N1QL search query result varies depending on selected fields

I’m testing new 6.5 feature, N1QL SEARCH function but surprisingly query result varies depending on selected fields.

I created a FTS index that respond as expected for my requests.
The FTS type identifier is based on the “is_manageable” field.
The field used as a FTS type is also indexed in the query service.

Query index :

CREATE INDEX `is_manageable` ON `foo`(`is_manageable`)

FTS index :

Summary
{
  "type": "fulltext-index",
  "name": "manageables",
  "uuid": "2d05b774c39f96cb",
  "sourceType": "couchbase",
  "sourceName": "foo",
  "sourceUUID": "0f88fab718b7522c2cca0649af97c26f",
  "planParams": {
    "maxPartitionsPerPIndex": 171,
    "indexPartitions": 6
  },
  "params": {
    "doc_config": {
      "docid_prefix_delim": "",
      "docid_regexp": "",
      "mode": "type_field",
      "type_field": "is_manageable"
    },
    "mapping": {
      "analysis": {
        "analyzers": {
          "k_main_entry_analyser": {
            "char_filters": [
              "asciifolding"
            ],
            "token_filters": [
              "to_lower",
              "unique",
              "k_min_length",
              "k_ngram"
            ],
            "tokenizer": "unicode",
            "type": "custom"
          },
          "k_secondary_entries_analyser": {
            "char_filters": [
              "asciifolding"
            ],
            "token_filters": [
              "k_min_length",
              "to_lower"
            ],
            "tokenizer": "unicode",
            "type": "custom"
          }
        },
        "token_filters": {
          "k_min_length": {
            "max": 255,
            "min": 3,
            "type": "length"
          },
          "k_ngram": {
            "back": "false",
            "max": 20,
            "min": 3,
            "type": "edge_ngram"
          }
        }
      },
      "default_analyzer": "standard",
      "default_datetime_parser": "dateTimeOptional",
      "default_field": "_all",
      "default_mapping": {
        "dynamic": true,
        "enabled": false
      },
      "default_type": "_default",
      "docvalues_dynamic": true,
      "index_dynamic": true,
      "store_dynamic": false,
      "type_field": "_type",
      "types": {
        "true": {
          "default_analyzer": "standard",
          "dynamic": false,
          "enabled": true,
          "properties": {
            "description": {
              "dynamic": false,
              "enabled": true,
              "fields": [
                {
                  "analyzer": "k_secondary_entries_analyser",
                  "index": true,
                  "name": "description",
                  "type": "text"
                }
              ]
            },
            "title": {
              "dynamic": false,
              "enabled": true,
              "fields": [
                {
                  "analyzer": "k_main_entry_analyser",
                  "docvalues": true,
                  "include_in_all": true,
                  "include_term_vectors": true,
                  "index": true,
                  "name": "title",
                  "store": true,
                  "type": "text"
                }
              ]
            }
          }
        }
      }
    },
    "store": {
      "indexType": "scorch"
    }
  },
  "sourceParams": null
}

When I execute this query :

select meta(m).id from `foo` as m
where m.is_manageable = "true"
and search(m, "coco");

The result contains one document containing only the id, as expected.

When I execute this query (note the wildcard select):

select * from `foo` as m
where m.is_manageable = "true"
and search(m, "coco");

It returns no document.
The doc at Search Functions | Couchbase Docs says :

If the full text search index being queried has its default mapping disabled and has a custom type mapping defined, the query needs to specify the type explicitly.

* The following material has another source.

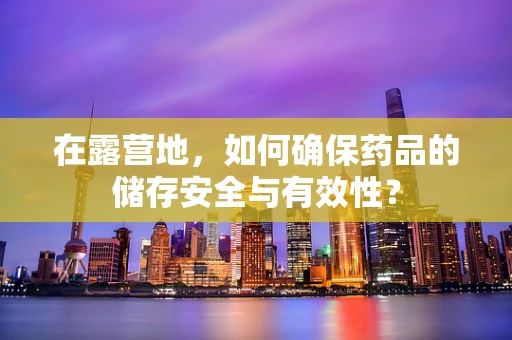 在露营地，如何确保药品的储存安全与有效性？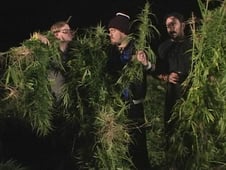 Trailer Park Boys, Season 4 Episode 8 image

The above query uses the demonstration index travel-sample-index-hotel-description, which has the custom type mapping “hotel”.
For more information on defining custom type mappings within the full text search index, refer to Specifying Type Mappings. Note that for N1QL queries, only full text search indexes with one type mapping are searchable. Also the supported type identifiers at the moment are “type_field” and “docid_prefix”, “docid_regexp” isn’t supported yet for SEARCH queries via N1QL.

I have only one type mapping, and the field is specified in the query. I am missing something ?

I tried to compare with the sample travel bucket, both query return consistent results.

SELECT *
FROM `travel-sample` AS t1
WHERE t1.type = "hotel" and SEARCH(t1, "bathrobes");

Is it supposed to behave like that ? If so, how can I have the entire document ?

PS :

I tried to use Doc ID up to separator type identifier but this definition it never returns anything in the N1QL search query. That’s probably another topic.

Thank you for bringing up the issue.

In the event of “SELECT *”, the query involves a document fetch from couchbase and reapplying the search query on it to validate the fetched document. These document fetches do not occur when the “SELECT” only requests meta data.

The issue you’ve discovered here lies within this validation code path - which we will address for the upcoming release: 6.6 and after - it’s tracked with this internal ticket: https://issues.couchbase.com/browse/MB-39592

For the moment, we do have a work around for you - say your FTS index’s name was manageables, you can run your query this way …

select meta(m).id from `foo` as m
where m.is_manageable = "true"
and search(m, "coco", {"index":"manageables"});
select * from `foo` as m
where m.is_manageable = "true"
and search(m, "coco", {"index":"manageables"});

This essentially enforces the “validation” phase to use the same definition as the FTS index used earlier as opposed to inferring one from the query.

If you were to have a custom type mapping, the query would need to carry the condition expression outside the SEARCH(…) function, and your example is on point.

Thank you for your answer. Your workaround works like a charm.
How can I carry the condition of my custom type with an ID prefix ? I tried the LIKE function and SUBSTR without success.

To use an ID prefix, you’d need to use ‘docid_prefix_delim’ in your FTS index definition as opposed to ‘type_field’.

Here’s how you’d set up ‘docid_prefix_delim’ for your index : Say you have 3 docs with keys: hotel_001, hotel_002, airport_001, and you want to index all documents with prefix “hotel”, you define, “docid_prefix_delim”: “_” and “mode”: “docid_prefix”; Next you will define a type mapping “hotel” and either index everything within or specific fields.

The condition expression now for this FTS index is “meta().id LIKE ‘hotel_%’”, so here’s a sample query for you assuming you name your FTS index “hotels” over bucket “travel-sample” …

SELECT *
FROM `travel-sample` AS t1
WHERE meta().id LIKE "hotel_%" and SEARCH(t1, "bathrobes", {"index": "hotels"});

I realize the documentation doesn’t carry this, I’ll have an update on it shortly.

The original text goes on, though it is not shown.